Lo que quiero decir con estas reflexiones es que no se debe rechazar tan a la ligera el programa reduccionista de naturalización del universo. No es este el enemigo del asombro. Mi tesis es que incluso dentro de dicho paradigma hay razones que apuntan a la necesidad de una renovación metodológica si se quiere avanzar en su comprensión física y filosófica. Un universo singularmente bello es aquel al que lleva tiempo apuntando la física contemporánea. A este respecto, me permito subrayar los recientes comentarios del físico Frank Wilczek, galardonado con el Premio Templeton 2022. Solo hace falta que la filosofía de la naturaleza y las humanidades recojan el guante, no rechacen el terreno donde se juega este partido y hagan gala de su mejor capacidad crítica para recuperar el asombro como punto de partida que también brinda la física.
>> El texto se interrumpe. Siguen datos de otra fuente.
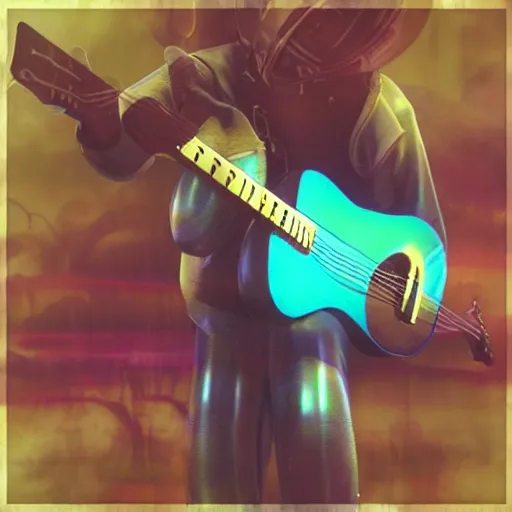 Prompt: “alien plays acoustic guitar, atmospheric, octane render”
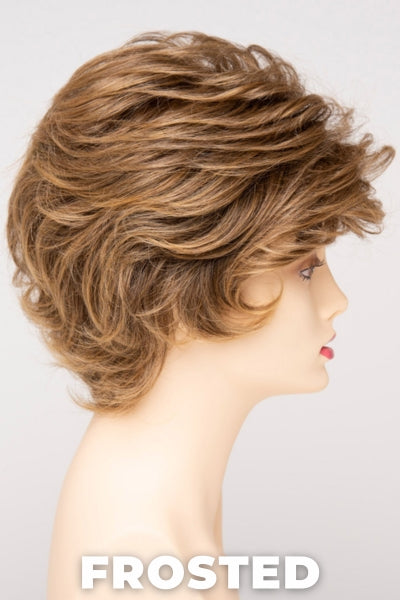 Color Swatch Frosted for Envy wig Aubrey Human Hair Blend. Creamy blonde with cool undertones and warm beige blonde tips.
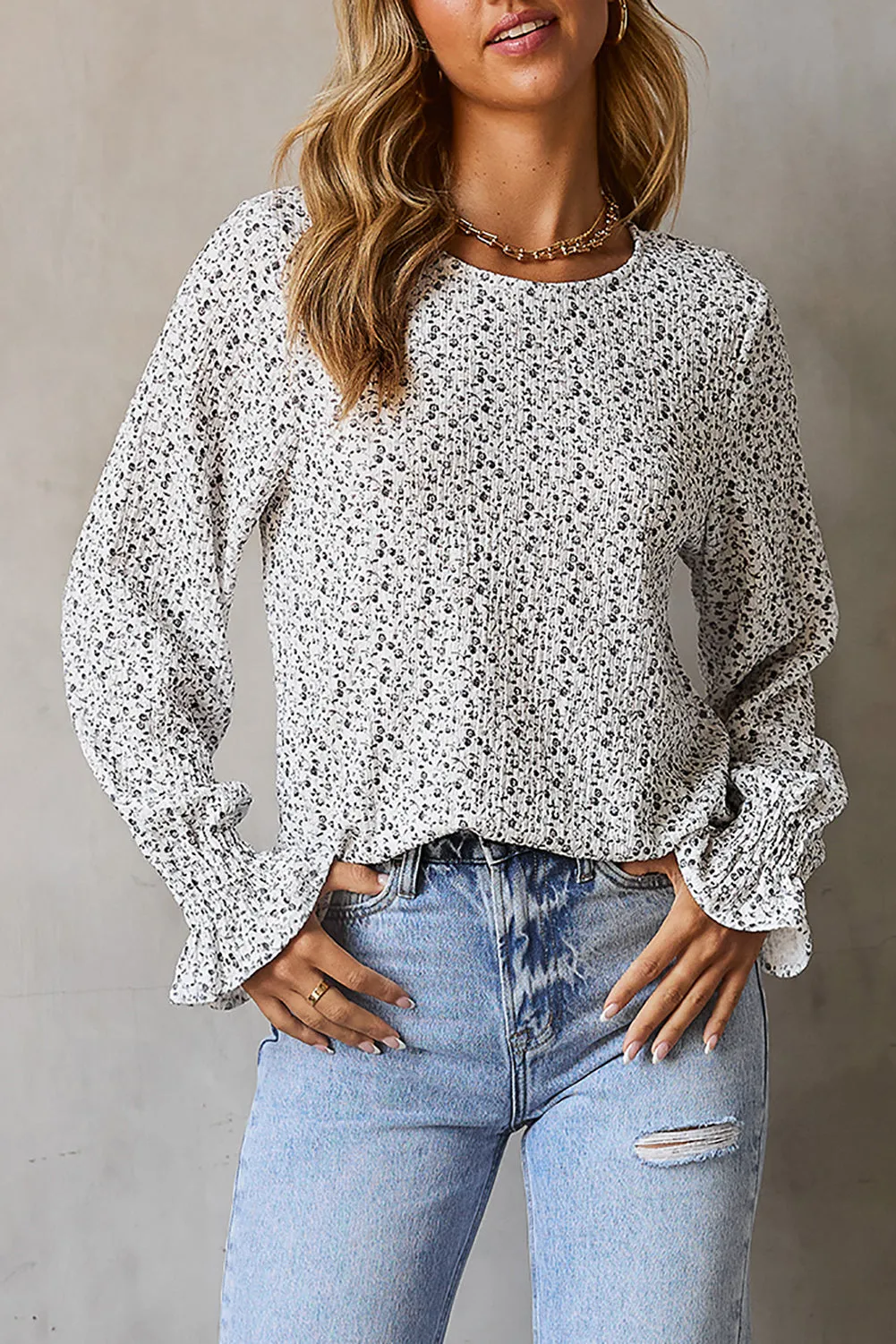 Black Ruffled Bubble Sleeve Floral Printed Blouse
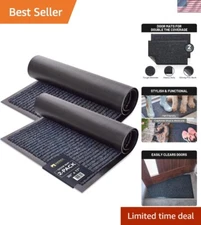 Welcome 2-Pack Ribbed Polyester Doormats - Stylish Indoor Outdoor Solution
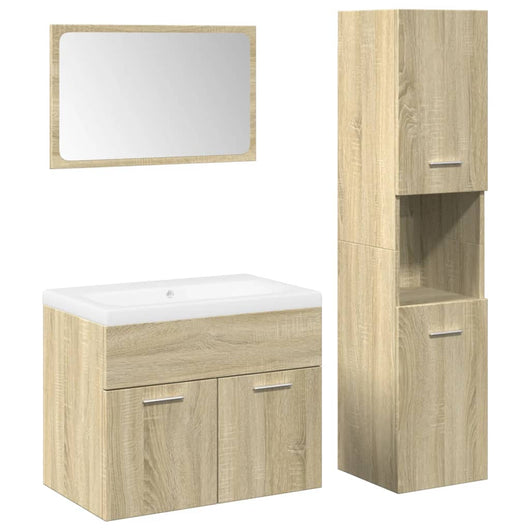 Set Mobili da Bagno 4 pz Rovere Sonoma in Legno Multistrato 3325005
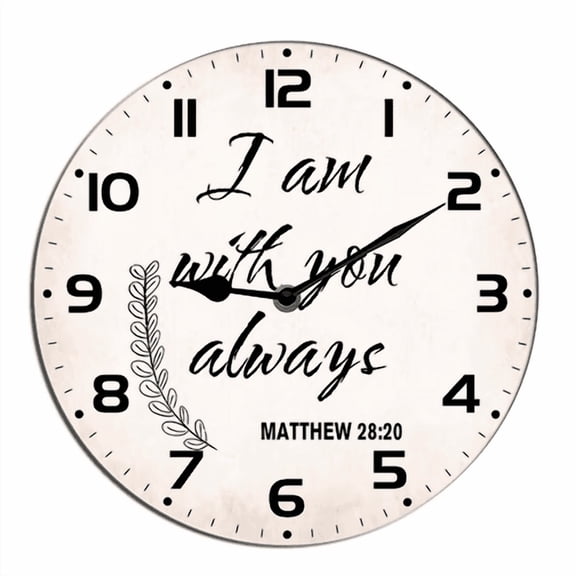 Kurmntregon Christian Wall Clock I Am Will Your Always Bible Verse Jesus Religious Inspirational Quote God Scripture Wooden Silent Non Ticking For Bedroom Living Room Round 10"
El diálogo entre ciencia y humanidades a partir de la belleza puede ayudar a crear el tipo de amistad intelectual que nuestra sociedad necesita. Precisamente nos recuerda la urgencia de esta colaboración la presente “convicción de que, además de los desarrollos científicos especializados, es necesaria la comunicación entre disciplinas, puesto que la realidad es una, aunque pueda ser abordada desde distintas perspectivas y con diferentes metodologías” (Fratelli tutti, n. 204). Se trata entonces de promover la amistad intelectual entre aquellas disciplinas que creen en la verdad y en que el hombre puede encontrarla y asombrase ante ella. Quizás nuestra época de la “posverdad”, ayuna de referencias firmes, permita el renovado encuentro entre estos ámbitos del conocimiento humano que nunca debieron enfrentarse, que deberían profesar una mutua admiración, y continúan estando llamados a servirse entre sí.